[Opening Stored data section]

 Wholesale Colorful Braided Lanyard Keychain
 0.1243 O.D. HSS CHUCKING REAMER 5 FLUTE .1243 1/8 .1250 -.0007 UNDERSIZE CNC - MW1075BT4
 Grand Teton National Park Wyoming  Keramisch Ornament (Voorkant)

[Closing Stored data section]

◆ **Task requirements**
Lines from the one with "0.1243 O.D. HSS" through the last line above must be printed exactly; no other line is to appear.

◆ **Written solution**
 0.1243 O.D. HSS CHUCKING REAMER 5 FLUTE .1243 1/8 .1250 -.0007 UNDERSIZE CNC - MW1075BT4
 Grand Teton National Park Wyoming  Keramisch Ornament (Voorkant)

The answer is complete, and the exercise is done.